Andreas Melcher betonte, dass es besonders wichtig ist, neben den ökologischen Faktoren, auch die sozialen und wirtschaftlichen Aspekte rund um die Bewirtschaftung der Wasser- und Fischressourcen zu untersuchen. In Burkina Faso gibt es neben dem demokratischen Regierungssystem (republican government) auch noch das traditionelle Regierungssystem (traditional government), damit sind die Entscheidungsstrukturen vor allem auf der dörflichen Ebene gemeint. In der Praxis bedeutet das, dass nicht immer klar ist, wer welche Entscheidung trifft bzw. wer welche Entscheidung befolgt. Wenn Veränderungsprozesse in Gang gesetzt werden sollen, ist daher ein tiefgehendes Verständnis für die komplexen sozialen Strukturen nötig. Darüber hinaus versucht SUSFISH eine Brücke zu schlagen zwischen traditionellem und wissenschaftlichem Wissen.
Auf die Frage was er persönlich aus dieser Forschungspartnerschaft mit den Kolleg/innen in Burkina Faso gelernt habe antwortete Andreas Melcher, dass Respekt vor unterschiedlichen Kulturen und Wissenssystemen sowie Geduld, Vertrauen und der Fokus auf die positiven Aspekte in der Zusammenarbeit zentral seien.

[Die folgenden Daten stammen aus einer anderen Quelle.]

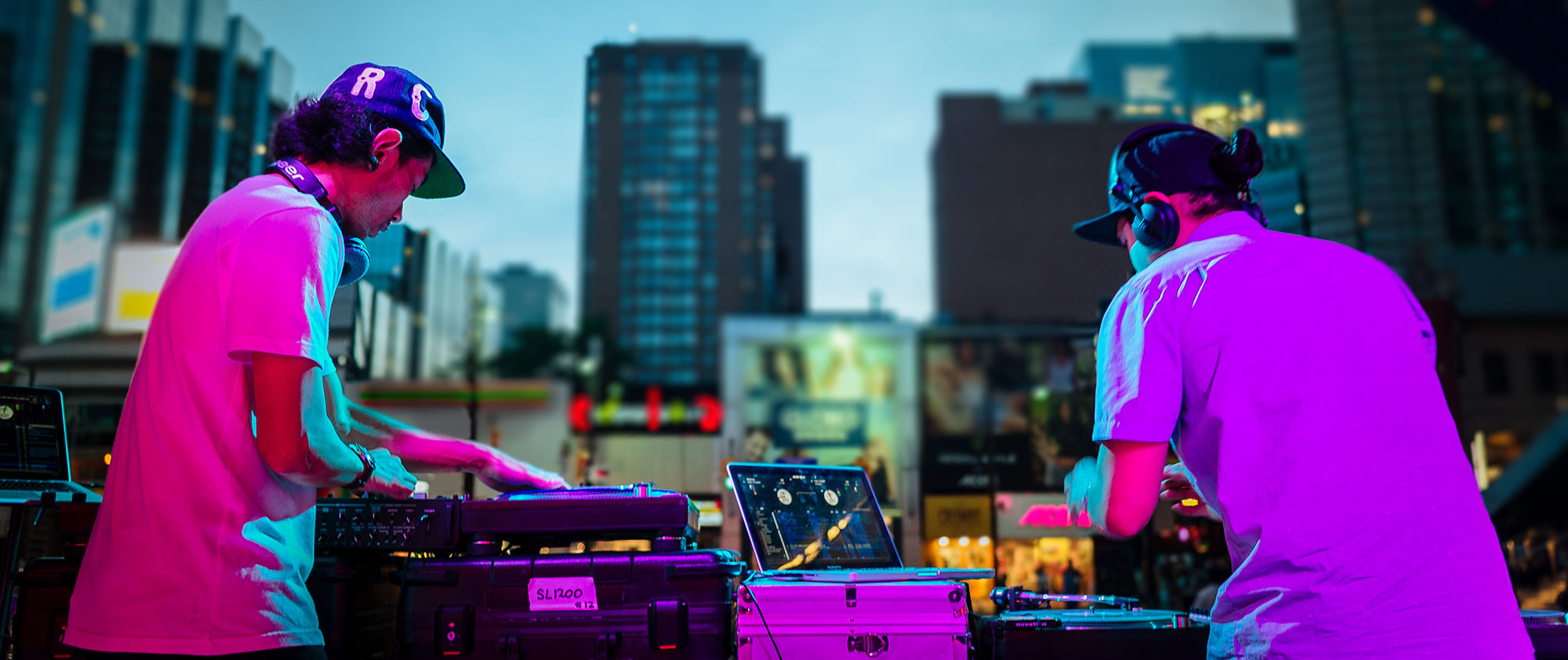 Two men DJ outdoor event in urban environment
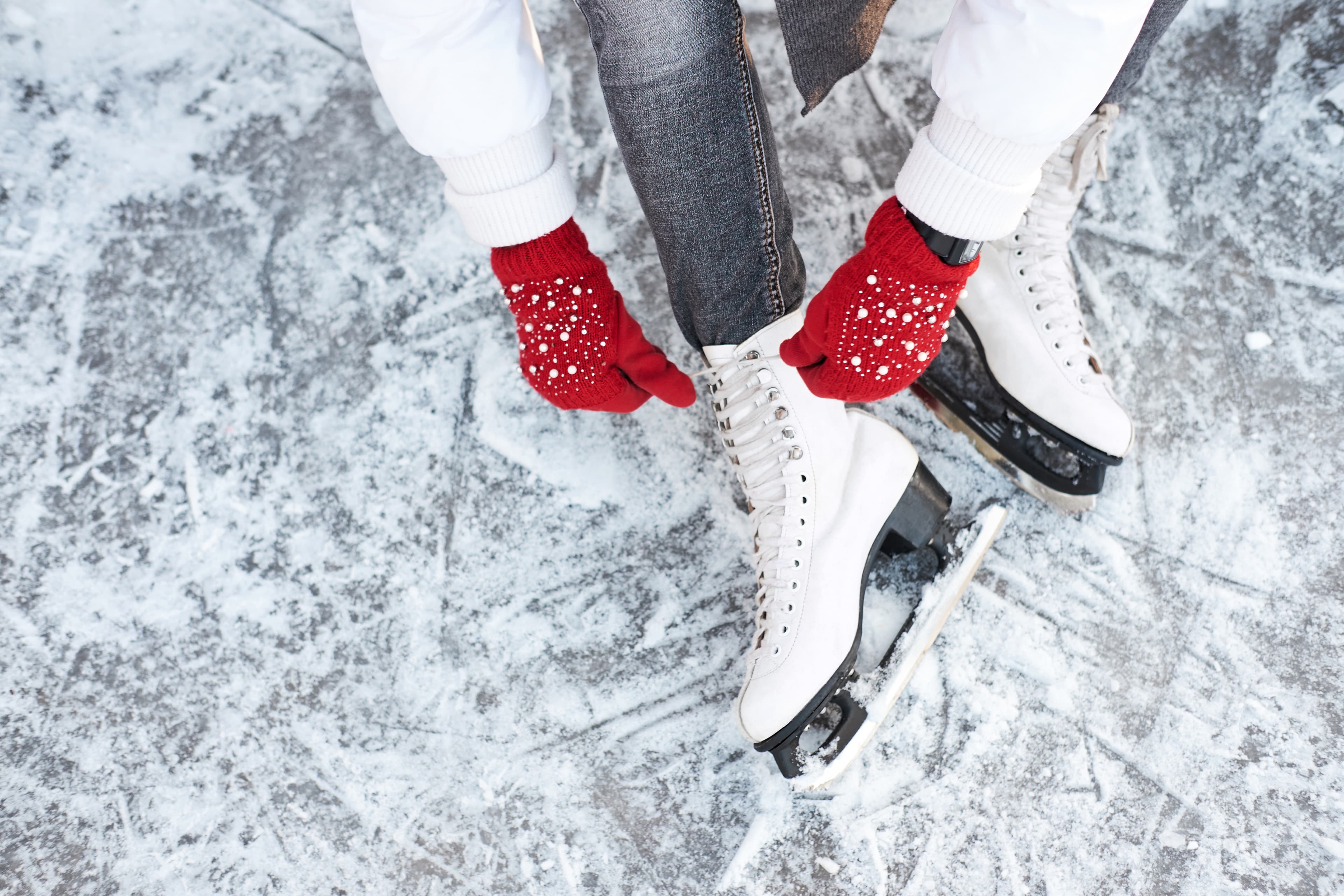 Girl tying shoelaces on ice skates before skating on the ice rink, hands in red knitted gloves. View from top. Girl tying shoelaces on ice skates before skating on the ice rink, hands in red knitted gloves.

Als weiteren wichtigen Punkt führte Andreas Melcher noch die Ausbildung von jungen Wissenschaftler/innen sowie Capacity Building an den beteiligten Hochschulen an. Im Rahmen von SUSFISH haben zwei Personen aus Burkina Faso an der Universität für Bodenkultur (BOKU) ihr Doktorat abgeschlossen, vor Ort wurden insgesamt 26 Masterarbeiten betreut und vier BOKU-Masterstudierende führten ihre Feldforschung in Westafrika durch. SUSFISH basiert auf den langjährigen Erfahrungen von Raymond Ouedraogo, die er als Mitarbeiter im Fischereiministerium in Burkina Faso gesammelt hatte, sowie auf den Ergebnissen seines Doktorats an der BOKU. Raymond Ouedraogo initiierte eine APPEAR-Anbahnungsfinanzierung (Preparatory Funding), daraus entstand eine dreijährige Partnerschaft (Academic Partnership) und glücklicherweise war auch die letzte Projekteinreichung (Advanced Academic Partnership) erfolgreich. SUSFISH-plus hat daher noch bis 2020 die Möglichkeit einen entscheidenden Beitrag zur nachhaltigen Bewirtschaftung der Fischressourcen und zur Verbesserung der Lebensbedingungen der lokalen Bevölkerung in Burkina Faso zu leisten.
Diese Veranstaltung wurde in Kooperation mit dem Naturhistorischen Museum Wien durchgeführt.